### MATERIAL SUPPLIED
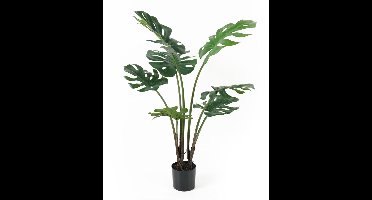 Present Time Kunstplant Monstera - Groen - 70x70x89cm - Modern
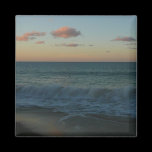 Waves Crashing at Sunset Magnet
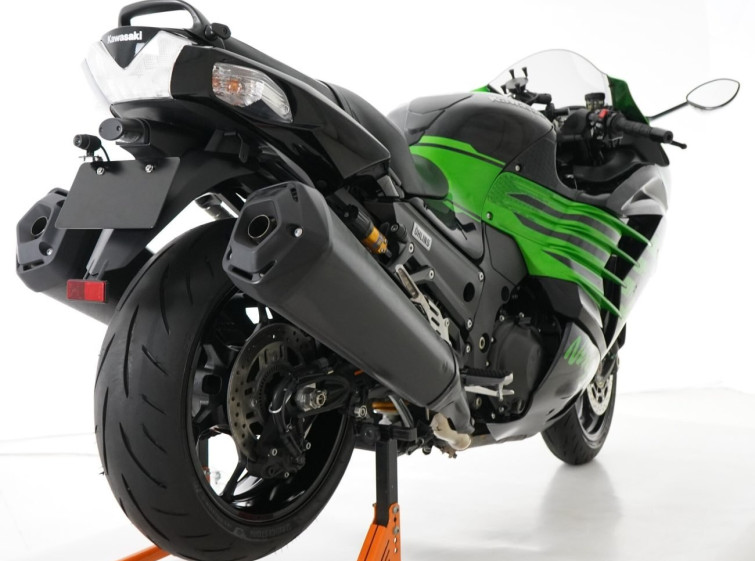 Мотоцикл Kawasaki NINJA ZX-14RA з пробігом 7757 km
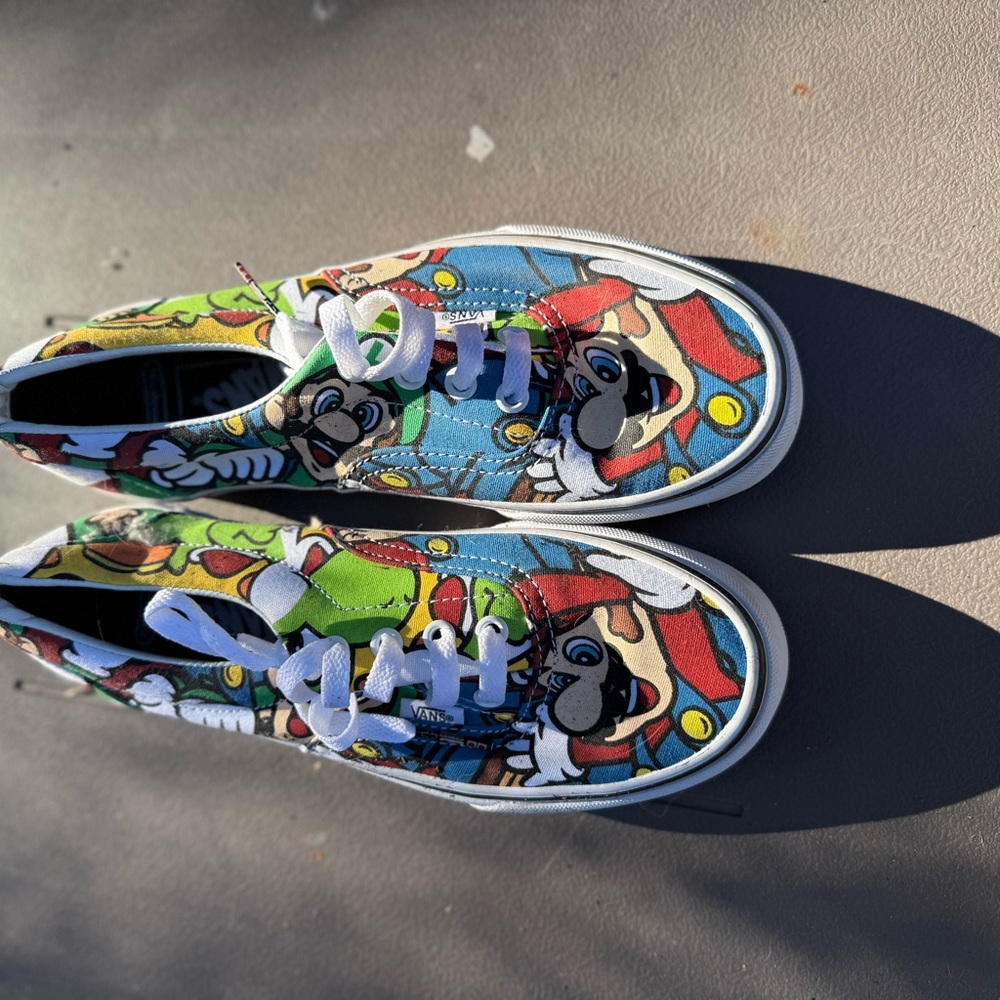 Nintendo Vans Sneakers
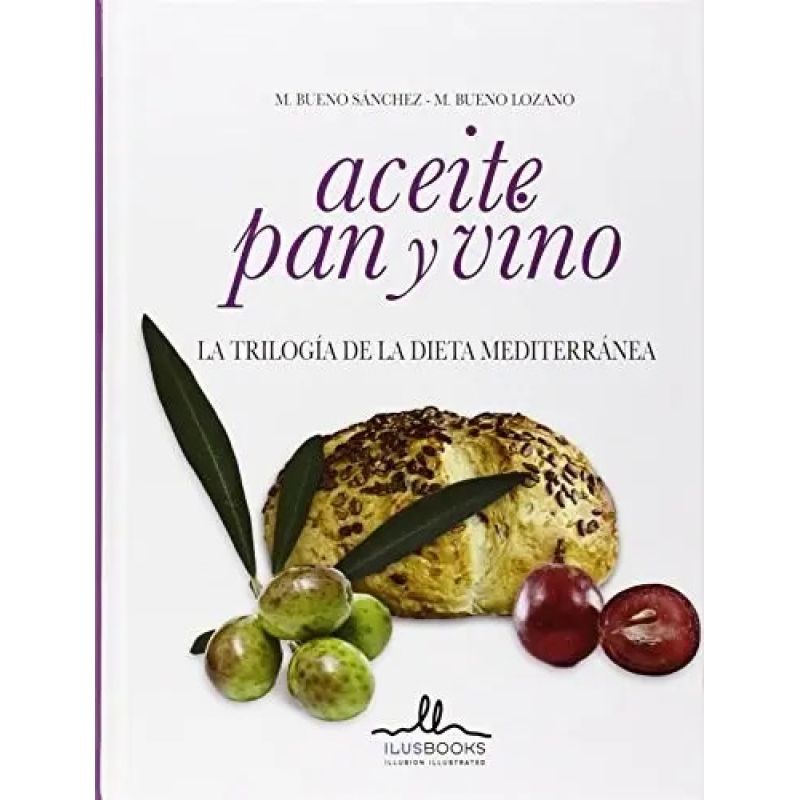 ACEITE PAN Y VINO - TD (Nuevo)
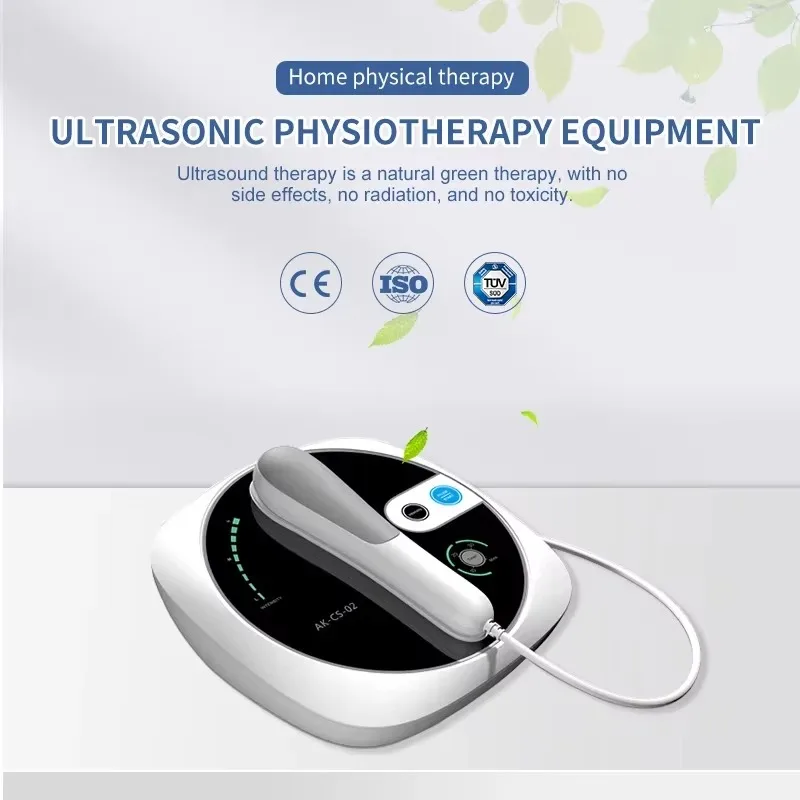 NEW 1MHz Intensity for Muscle & Joints Pain Relief Ultrasound Physiotherapy Massage Device No-Drug Ultrasonic Instrument Machine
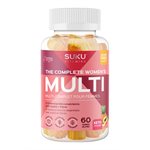 Suku The Complete Women's Multi Gummies 60un Suku The Complete Women's Multi Gummies 60un
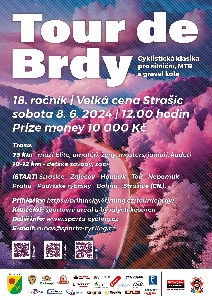 Tour de Brdy -  zvýhodněné startovné do konce dubna 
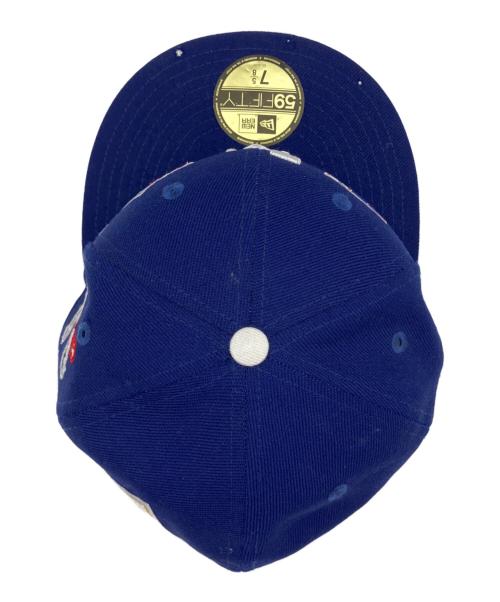 New Era（ニューエラ）New Era (ニューエラ) キャップ　ドジャース/75TH WORLD SERIES ブルー サイズ:7 5/8の古着・服飾アイテム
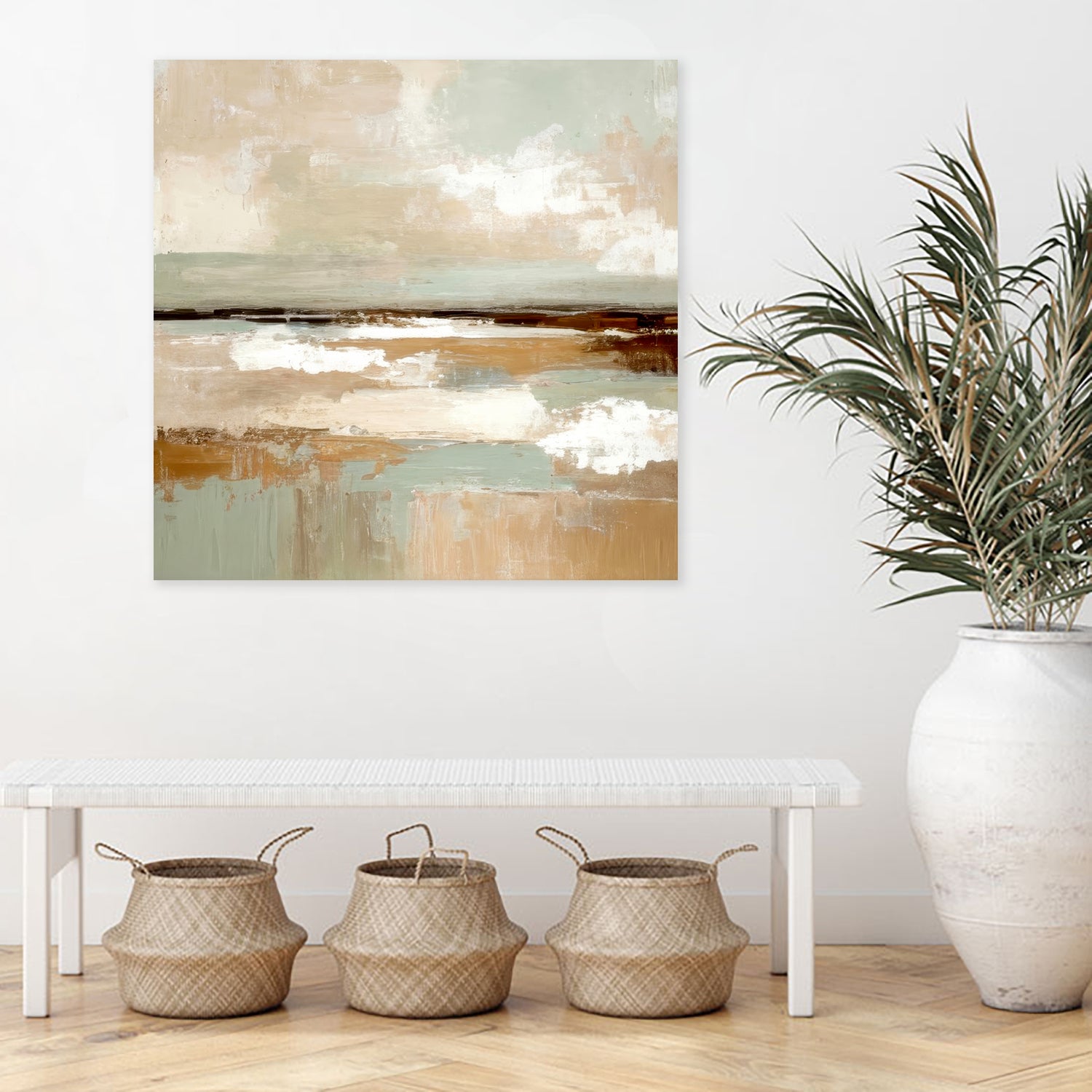 Safety of the Harbor by Alpenglow Workshop on GIANT ART - abstract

### EXERCISE REQUIREMENTS
All lines from the one containing "Nintendo Vans Sneakers" to the last line of the records above, and no others, should be returned unchanged, without pictures.

### EXERCISE SOLUTION
 Nintendo Vans Sneakers
 ACEITE PAN Y VINO - TD (Nuevo)
 NEW 1MHz Intensity for Muscle & Joints Pain Relief Ultrasound Physiotherapy Massage Device No-Drug Ultrasonic Instrument Machine
 Suku The Complete Women's Multi Gummies 60un Suku The Complete Women's Multi Gummies 60un
 Tour de Brdy -  zvýhodněné startovné do konce dubna 
 New Era（ニューエラ）New Era (ニューエラ) キャップ　ドジャース/75TH WORLD SERIES ブルー サイズ:7 5/8の古着・服飾アイテム
 Safety of the Harbor by Alpenglow Workshop on GIANT ART - abstract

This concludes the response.